**EXERCISE DETAILS:**
All of the data below is to be repeated exactly, except for the pictures.

**SOURCE MATERIAL:**
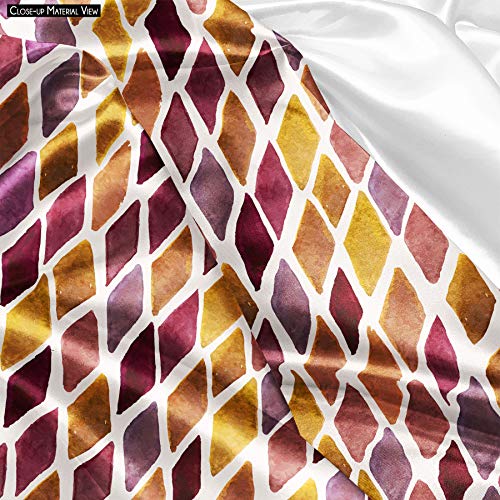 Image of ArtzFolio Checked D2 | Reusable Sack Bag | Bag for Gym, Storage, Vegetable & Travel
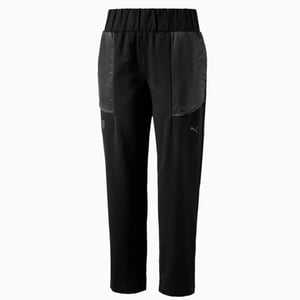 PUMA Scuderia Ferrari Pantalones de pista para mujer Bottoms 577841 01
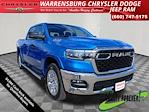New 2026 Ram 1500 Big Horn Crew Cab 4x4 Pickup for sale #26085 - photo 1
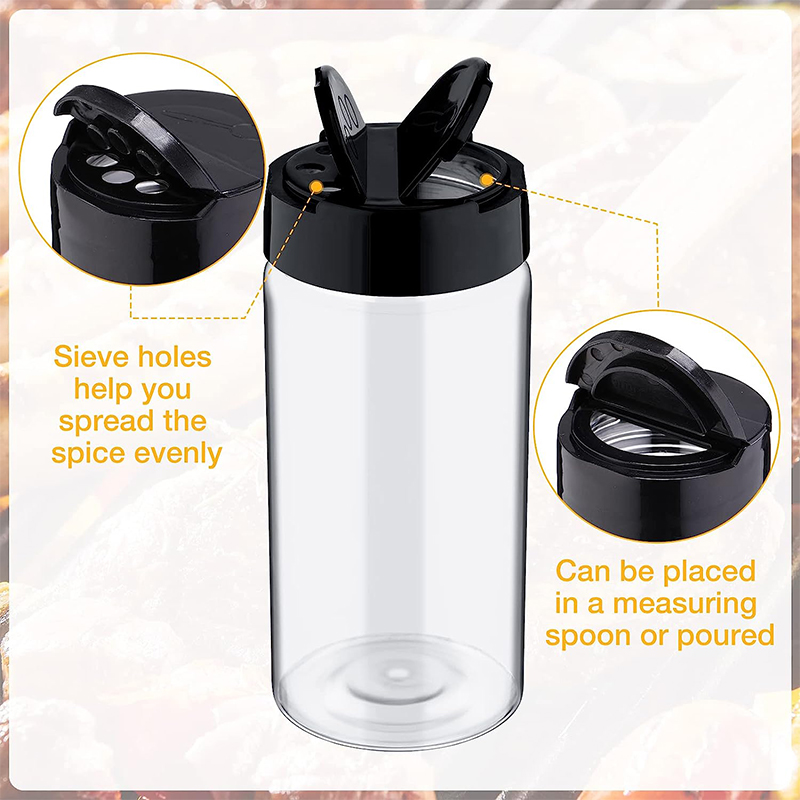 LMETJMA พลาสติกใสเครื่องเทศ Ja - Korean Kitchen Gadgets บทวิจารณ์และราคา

**FINAL ANSWER:**
 Image of ArtzFolio Checked D2 | Reusable Sack Bag | Bag for Gym, Storage, Vegetable & Travel
 PUMA Scuderia Ferrari Pantalones de pista para mujer Bottoms 577841 01
New 2026 Ram 1500 Big Horn Crew Cab 4x4 Pickup for sale #26085 - photo 1
 LMETJMA พลาสติกใสเครื่องเทศ Ja - Korean Kitchen Gadgets บทวิจารณ์และราคา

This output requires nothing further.